Minimum number of points in a cluster - the minimum number of points required for a cluster
3 (By default)
| positive integer
The minimum number of points required for a cluster is specified as a positive integer. This parameters defines the minimum number of points in a cluster when determining whether a point is a reference point.
Maximum number of points for 'Auto' epsilon - maximum number of points required for a cluster
10 (By default)
| positive integer
.
The maximum number of points in a cluster, specified as a positive integer. This property is used to estimate epsilon when the object performs a k-NN search.
Dependencies
To use this parameter, set the Source of cluster threshold epsilon
parameter to Auto
.
Length of cluster threshold epsilon history - length of cluster threshold (epsilon) history
10 (By default)
| `positive integer `
The length of the stored cluster threshold (epsilon) history, specified as a positive integer. If set to 1
, the history requires no memory. Then each epsilon score is used immediately and no moving average smoothing takes place. If the value is greater than one, the epsilon value is averaged over the specified history length.
Example: 5
Enable disambiguation of dimensions - enable unambiguous measurement
enable (by default)
| `enable'.
A checkbox to enable disambiguation of dimensions.

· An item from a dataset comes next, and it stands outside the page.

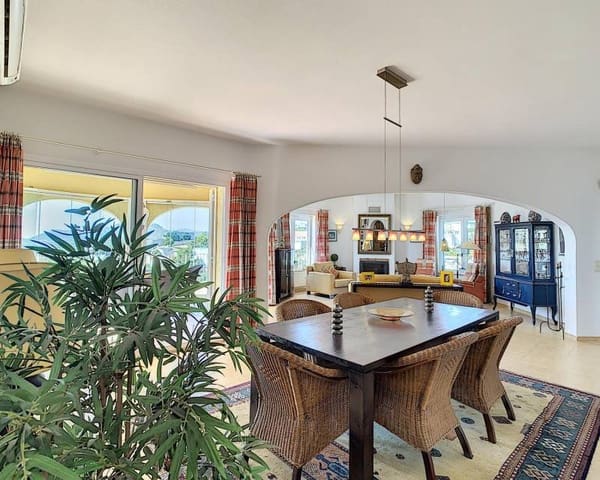 3 slaapkamer Villa te koop in Benitachell / Benitatxell met zwembad - € 695.000 (Ref: 8861713)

If checked, clustering is performed on boundaries defined by the input port AmbLims values at runtime. Ambiguous detections are clustered accordingly.
Use the Indices of ambiguous dimensions parameter to specify the X column indices where ambiguities may occur. Up to two ambiguous dimensions are allowed. It is not recommended to enable the mismatch function for large datasets.
Indices of ambiguous dimensions - indices of ambiguous dimensions
1 (By default)
| positive integer
| vector of positive integers 1 by 2
.
Indices of ambiguous dimensions, specified as a positive integer or a vector of positive integers 1 by 2.
This property specifies the indices of the X input port data columns where mismatch may occur. A positive integer corresponds to one ambiguous dimension in the input data matrix X. A 1-by-2 string vector corresponds to two ambiguous measurements. The size and order of the Indices of ambiguous dimensions parameters must match the value of the AmbLims input port.
*Example: [3 4]
Dependencies
To use this parameter, select the Enable disambiguation of dimensions checkbox.